To Krishna’s observation about Stallman and understanding my essay, I’ll say this…

Like Gates, Stallman is a lot smarter than me.  He is another near-1600 on the SAT, and 800 on the math, of course, which puts him well above 160 on the IQ scale.  Watching Stallman and Gates go at it over the Free Software Movement is watching two titans at work.  If you think about it, their arguments are all about the exchange game, with the world’s richest man denigrating the movement that challenges his empire.  In the Fifth Epoch, exchange becomes meaningless.  The problem, as I see it, is that neither man can even imagine the Fifth Epoch, which is normal, for all of their “intelligence.”  

As far as Stallman coming to understand my big essay, it is certainly no heavy intellectual lift for somebody like him.  The problem that Stallman had with my work and experiences was that it was contrary to his belief system.  Stallman is a materialist, as is Gates, and materialism is a great burden that prevents understanding how our world really works.  It also hampered Uncle Noam’s ability to understand, and he and Stallman were relatively gracious with me.  These are some of the greatest minds on Earth, and they did not understand.  For the record, Mr. Mentor’s mind was greater.  He was an inventive genius, similar to Tesla, and Gates and Stallman are not.  When I write about interacting with some of the greatest minds on Earth, I am not kidding.  But I found that intelligence was far from enough, to be able to hit the notes.  None of those great minds can.  
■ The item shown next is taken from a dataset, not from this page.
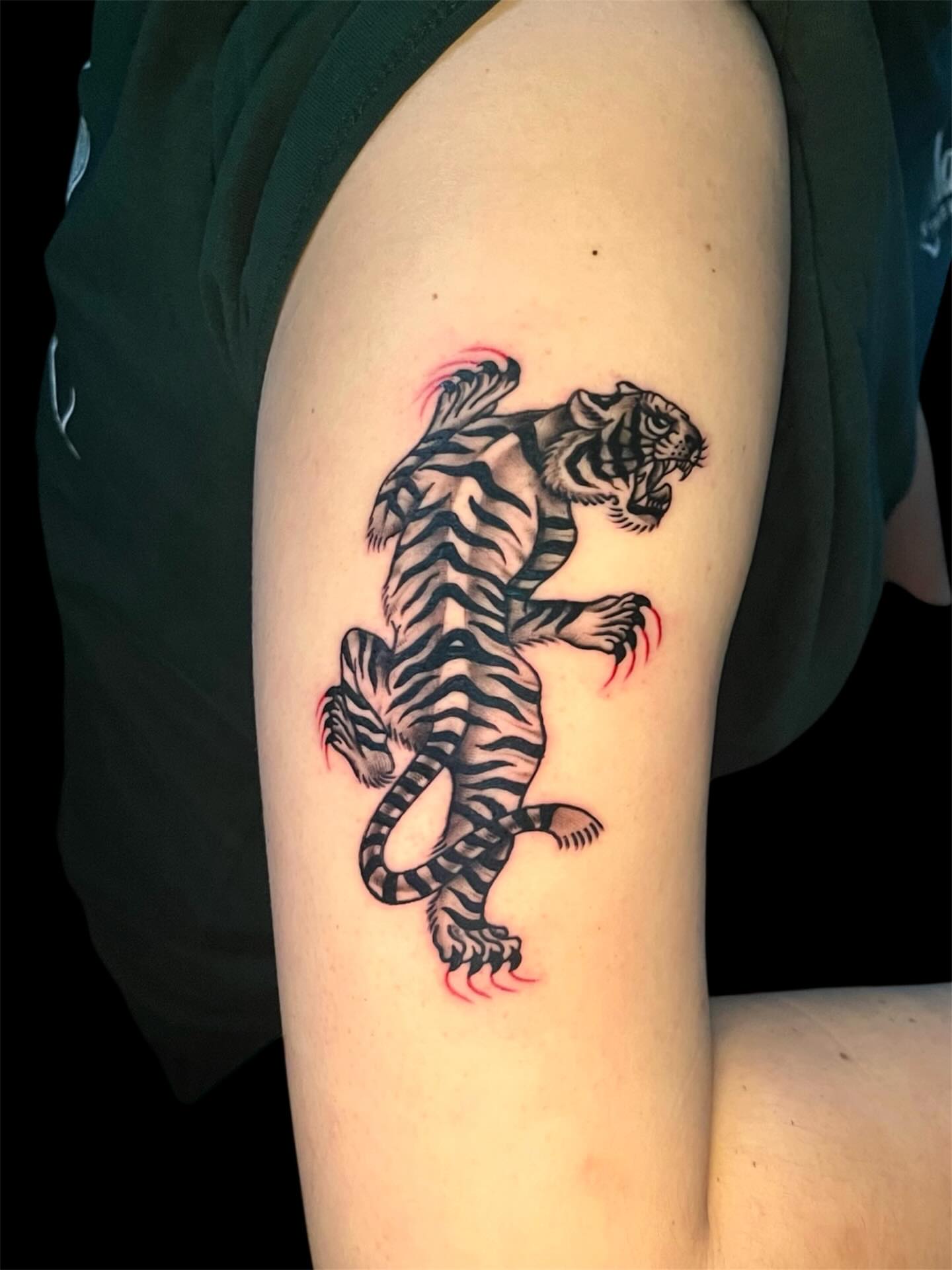 Tiger black and grey tattoo on the forearm by Brooke Kresco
With Stallman, and I am writing from experience here, free energy was too wild a concept to credit, without somebody delivering free energy devices for scientists to study, and the suppression of free energy was an untenable “conspiracy theory.”  Those are classic Level 3 responses, and it took me many years to understand what I was seeing.  It was not until I began studying to write my big essay that the reason for the “conspiracy theory” objection to organized suppression became crystal clear, and it is a matter of faith and naïveté, not reason.

The very way that today’s science is structured focuses on material realities.  The best scientists say that today’s science has nothing to say about non-material realities, or any intent behind the creation of our physical universe.  That has been twisted, however, by materialists, to turn that approach into a form of religion called materialism, which avers that the material universe is all that exists, or multi-dimensional variations of them.  There is no role for consciousness to play, other than some epiphenomenon of brain activity.  History’s greatest scientists did not buy that, and called it an error of logic to think that way, but people such as Stallman, Hawking, and the like have, and it turned the process and findings of science into a religion.  And I know that it is a false religion, little different from the other organized religions.  My experiences informed me otherwise, when I was still a teenager.  My fellow travelers that I most respected also had those experiences, which made us different, leading us down different paths than what the Gateses, Stallmans, and Chomskys of our world traveled.  Mark’s adventures blow Stallman and Gates out of the water, as do Dennis’s, Brian’s, mine, etc.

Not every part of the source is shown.